Carsten Linnemann, deputy chair of Chancellor Angela Merkel’s conservative Christian Democrats (CDU) on Monday told German daily Rheinische Post: “To put it in a nutshell: a child who barely speaks and understands German has no place yet in a primary school.”
Linnemann called for tougher pre-matriculation language requirements, saying that these children—whose parents are migrants and asylum seekers—have a negative impact on their German-fluent classmates, as well as on the quality of education in German public schools as a whole.
“It costs money, but a lack of integration and education are much more expensive at the end of the day,” Linnemann said, preferring a process to delay these children’s admittance into public schools to prepare them better.
The senior MP’s statements predictably drew condemnation from inside the CDU and from its political foes, in the middle of two tough elections due next month in two eastern German states—exactly where immigration and integration issues can dominate the debate.
Karin Prien, the CDU education minister in Schleswig-Holstein, told German daily Süddeutsche Zeitung that “a call for children with insufficient German language abilities to be excluded from compulsory education is populist nonsense,” and “the completely wrong path.”
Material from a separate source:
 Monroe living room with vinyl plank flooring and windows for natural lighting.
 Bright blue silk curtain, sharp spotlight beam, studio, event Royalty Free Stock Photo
Katja Kipping, chairperson of Germany’s socialist Left Party, tweeted that if Linnemann really wanted better conditions in schools, he could work for more teachers and inform himself about the fact that children who have constant exchanges with German speakers learn the language more quickly.”
It should be noted that Merkel’s coalition government is in an ongoing feud with its more conservative sister party, the Bavarian Christian Social Union (CSU), over tougher immigration controls.